Nowhere are the stats more untrustworthy than with fMRI. For instance, many of these studies routinely use sample sizes of 10 subjects and get published in prestigious science journals. In fact, a recent paper on SSRN titled “Brain Imaging for Legal Thinkers: A Guide for the Perplexed” justifies this practice not on any scientific basis but merely on cost values. And yet the wild claims persist that fMRI has proven just about everything under the sun.

Now, how are these papers getting pubished?

There’s actually no such thing as statistics, it’s just a word someone made up to sell textbooks.

If you calculate a p value that X could have happened by chance that’s one kind of inference, if you look at the data and it’s obvious that X is true that’s another kind of inference, but both are “statistical” (it’s not as if your judgment that X is obvious

has nothing to do withthe formal statistics of the data, although you may not be conscious of them).What matters is whether your method of inference is sound and whether you’re aware of the limitations (have you done loads of comparisons and not corrected your p? Have you looked at the data and thought “X” when in fact Y is a better explanation?)

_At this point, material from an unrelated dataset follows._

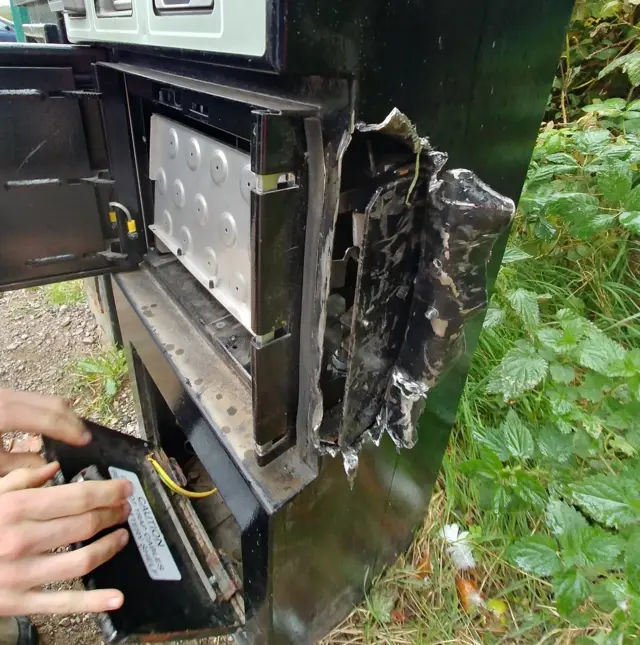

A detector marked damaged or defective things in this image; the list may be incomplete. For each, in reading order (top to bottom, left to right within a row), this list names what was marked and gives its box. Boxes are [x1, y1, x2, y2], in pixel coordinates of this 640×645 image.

burnt plastic panel [0, 43, 135, 290]
burnt plastic panel [42, 420, 239, 640]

So saying science has a problem with statistics is a bit silly. Specific areas of science have specific problems with various kinds of inference, e.g. in certain kinds of neuroimaging there’s the non-independence error, in GWAS there’s the multiple-comparisons problem, population stratification – but there’s no problem with statistics per se.

Statistics ARE hard..

Or

Undertanding statistics is difficult.

Minor typo, but anotherwise an excellent article. 🙂

I think one part of the issue is that “Scientific Method 101” teaches that one exception disproves the hypothesis. This is also true in pure Mathematics 101.

Reality is somewhat different…

Another issue is how easy it is to overlook that statistically insignificant results are still results and exist no matter how hard you try and pretend they don’t.

A recent example is the recent 1000 point drop in the DJI index, when your normal bouncy for insignificance is the 2nd, or for the paranoid 3rd standard deviation from mean such an event seams so unlikely that when it happens everyone is scrambling for an outside explanation for the cause.

That neatly leads me to my last point. Correlation != Causation, which is one of the many deadly pitfalls laying in wait for the incautious data modeler or sloppy science reporter.